(Items from a data source)
====
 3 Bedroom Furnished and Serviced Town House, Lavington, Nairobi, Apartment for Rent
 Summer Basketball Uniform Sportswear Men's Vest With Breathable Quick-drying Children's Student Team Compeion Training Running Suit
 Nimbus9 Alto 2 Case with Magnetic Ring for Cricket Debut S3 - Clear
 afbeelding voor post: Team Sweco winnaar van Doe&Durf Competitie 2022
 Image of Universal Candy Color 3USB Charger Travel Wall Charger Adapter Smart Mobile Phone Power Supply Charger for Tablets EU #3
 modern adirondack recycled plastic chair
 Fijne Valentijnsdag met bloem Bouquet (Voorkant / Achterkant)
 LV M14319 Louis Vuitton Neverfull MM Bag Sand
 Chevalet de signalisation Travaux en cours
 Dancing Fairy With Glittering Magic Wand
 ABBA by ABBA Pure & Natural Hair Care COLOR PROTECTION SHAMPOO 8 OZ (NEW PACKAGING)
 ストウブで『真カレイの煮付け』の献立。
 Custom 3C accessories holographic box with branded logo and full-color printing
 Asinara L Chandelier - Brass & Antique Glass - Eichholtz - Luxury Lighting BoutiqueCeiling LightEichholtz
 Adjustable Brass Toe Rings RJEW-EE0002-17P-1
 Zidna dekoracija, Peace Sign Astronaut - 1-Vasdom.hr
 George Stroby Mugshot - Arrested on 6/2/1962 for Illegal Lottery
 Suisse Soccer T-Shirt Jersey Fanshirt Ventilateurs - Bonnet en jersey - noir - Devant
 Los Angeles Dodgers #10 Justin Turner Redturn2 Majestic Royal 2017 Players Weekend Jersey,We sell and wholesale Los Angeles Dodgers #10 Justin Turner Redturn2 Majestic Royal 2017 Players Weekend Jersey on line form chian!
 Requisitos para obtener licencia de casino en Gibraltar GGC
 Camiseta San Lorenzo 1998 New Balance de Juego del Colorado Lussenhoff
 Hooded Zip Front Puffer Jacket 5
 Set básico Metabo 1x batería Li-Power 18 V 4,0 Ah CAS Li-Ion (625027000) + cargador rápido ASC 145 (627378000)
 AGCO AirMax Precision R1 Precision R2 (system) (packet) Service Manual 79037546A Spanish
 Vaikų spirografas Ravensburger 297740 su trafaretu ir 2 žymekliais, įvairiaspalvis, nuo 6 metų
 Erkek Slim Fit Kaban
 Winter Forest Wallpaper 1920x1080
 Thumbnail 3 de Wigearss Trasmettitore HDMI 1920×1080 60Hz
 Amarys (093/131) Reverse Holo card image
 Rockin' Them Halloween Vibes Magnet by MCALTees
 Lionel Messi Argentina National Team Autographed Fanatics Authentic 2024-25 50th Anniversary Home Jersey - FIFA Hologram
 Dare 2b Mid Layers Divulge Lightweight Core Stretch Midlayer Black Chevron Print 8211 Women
====
## DIRECTIONS
Given the records above, restate word for word only the lines starting at the one with "LV M14319 Louis" and ending at the one with "Rockin' Them Halloween".

## ANSWER FOR THIS EXERCISE
 LV M14319 Louis Vuitton Neverfull MM Bag Sand
 Chevalet de signalisation Travaux en cours
 Dancing Fairy With Glittering Magic Wand
 ABBA by ABBA Pure & Natural Hair Care COLOR PROTECTION SHAMPOO 8 OZ (NEW PACKAGING)
 ストウブで『真カレイの煮付け』の献立。
 Custom 3C accessories holographic box with branded logo and full-color printing
 Asinara L Chandelier - Brass & Antique Glass - Eichholtz - Luxury Lighting BoutiqueCeiling LightEichholtz
 Adjustable Brass Toe Rings RJEW-EE0002-17P-1
 Zidna dekoracija, Peace Sign Astronaut - 1-Vasdom.hr
 George Stroby Mugshot - Arrested on 6/2/1962 for Illegal Lottery
 Suisse Soccer T-Shirt Jersey Fanshirt Ventilateurs - Bonnet en jersey - noir - Devant
 Los Angeles Dodgers #10 Justin Turner Redturn2 Majestic Royal 2017 Players Weekend Jersey,We sell and wholesale Los Angeles Dodgers #10 Justin Turner Redturn2 Majestic Royal 2017 Players Weekend Jersey on line form chian!
 Requisitos para obtener licencia de casino en Gibraltar GGC
 Camiseta San Lorenzo 1998 New Balance de Juego del Colorado Lussenhoff
 Hooded Zip Front Puffer Jacket 5
 Set básico Metabo 1x batería Li-Power 18 V 4,0 Ah CAS Li-Ion (625027000) + cargador rápido ASC 145 (627378000)
 AGCO AirMax Precision R1 Precision R2 (system) (packet) Service Manual 79037546A Spanish
 Vaikų spirografas Ravensburger 297740 su trafaretu ir 2 žymekliais, įvairiaspalvis, nuo 6 metų
 Erkek Slim Fit Kaban
 Winter Forest Wallpaper 1920x1080
 Thumbnail 3 de Wigearss Trasmettitore HDMI 1920×1080 60Hz
 Amarys (093/131) Reverse Holo card image
 Rockin' Them Halloween Vibes Magnet by MCALTees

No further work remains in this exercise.